If some readers have more information, please share with me so that I may update this post.
Chögyal Minjur Tenpa was appointed the third Druk Desi from 1667 to 1680. Of the many wars Bhutan fought with Tibet, two of them took place during his reign; first in 1667 and the second one in 1676 which lasted until 1678.
Lingzhi Dzong was constructed by Chögyal Minjur Tenpa in 1668 - to celebrate Bhutan’s victory over the Tibetans in the war of 1667. He named the Dzong as Lingzhi Yügyal Dzong. This Dzong is not to be confused with an older Dzong called Lingzhi Jagö Dzong which is located at Gungyül village about 4 hours walk from the main Lingzhi village towards Chebisa. Jagö Dzong is not a Dzong in the conventional sense but rather a temple constructed into the face of a huge cliff that rises steeply behind Gungyül village. Photo below.
In the modern times, the term “Dzong” has come to be identified with huge building structures that house the district administration and the monk body. However, when the word was originally coined, it did not always refer to a built-up structure. When references are made to “Dzongs” or “Phodrangs” in the ancient text books and scriptures, it could mean anything - a stone boulder, a cave, a temple, a cliff, a place of meditation etc. Thus, if you go to Singye Dzong in Lhuntse, you will be told of many Dzongs as Nges that are nothing more than caves and stones. Even the main structure that is referred to as the Singye Dzong, it is nothing more than a small temple.
Lingzhi Jagö Dzong finds mention in the Namthar (biography) of Phajo Drugom Zhigpo. He was a well-known and highly revered lama of the Drukpa Kagyu lineage who came to Bhutan from Ralung in Tibet. He lived during the period 1208-1276. Thus, it is interesting to note that the Lingzhi Jagö Dzong is over 400 years older than the Lingzhi Yügyal Dzong which was built in 1668.

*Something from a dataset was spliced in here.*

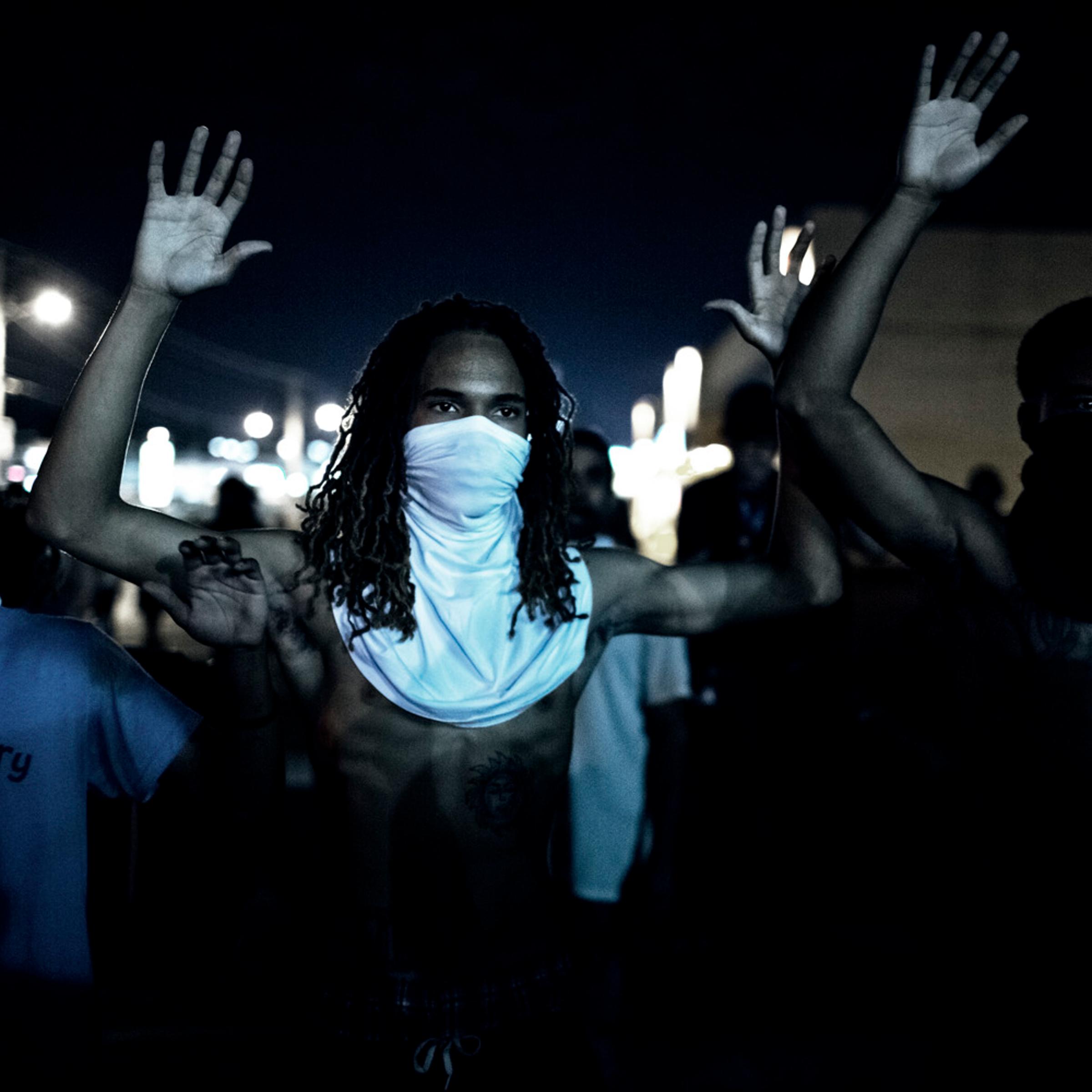Demonstraters during clashes with police that erupted folwoing a mostly peacful protest at 12:30 AM on Wednesday, Aug 20, 2014 in Furguson, MO.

The catastrophic earthquake of June 12, 1897 which measured 8.7 on the Richter scale damaged Lingzhi Yügyal Dzong, as it did the Dzongs of Punakha, Wangdue, Trongsa, Jakar and the Utse of Tashichho Dzong. It was rebuilt and served as the main defensive fortress to guard the northern borders with Tibet.
Currently, Lingzhi Yügyal Dzong houses about 30 monks headed by a Lam Neten. It is under the administrative control of Thimphu Dzongkhag.
Readers will be happy to know that there is a project that is underway to renovate the old Dzong. I am thrilled about this fact - this is what I have always supported - the renovation and maintenance of the old Dzongs and temples, instead of building new ones. In spite of modern techniques of construction and material, the beauty, the symmetry and the proportions of the old structures are far superior to the new Dzongs and temples being constructed around the country.
Thimphu Dzongdah informs me that Lingzhi Dzong is battered by strong winds during the winter months. As a result, it is customary for the Dzong’s wooden shingles and stone boulders that weigh them down, to be removed every winter and stacked them up on the ground below. The Dzong is reroofed every summer when the wind is not as strong. If this is not done, he tells me that the whole roof, including the wooden trusses would be lifted off and blown away. This corroborates nicely with my contention (in my earlier posts on the Ngele-La Pass and Lingzhi Dzong) that the stone pebbles on Ngele-La pass and the mountain sides of Lingzhi were deposited there by the strong winds that batter the area.
NOTE ON THE TERM “DRUK DESI”
“Druk Desi” was the title given to the secular rulers of ancient Bhutan under the dual system of governance that existed during those days. Under that system, government authority was divided among secular and religious administrations, both of which were unified under a single leader - Shabdrung Ngawang Namgyal. While the post of the Druk Desi has long been abolished, the ancient practice of the Je Khenpo heading the religious affairs still remain to this day.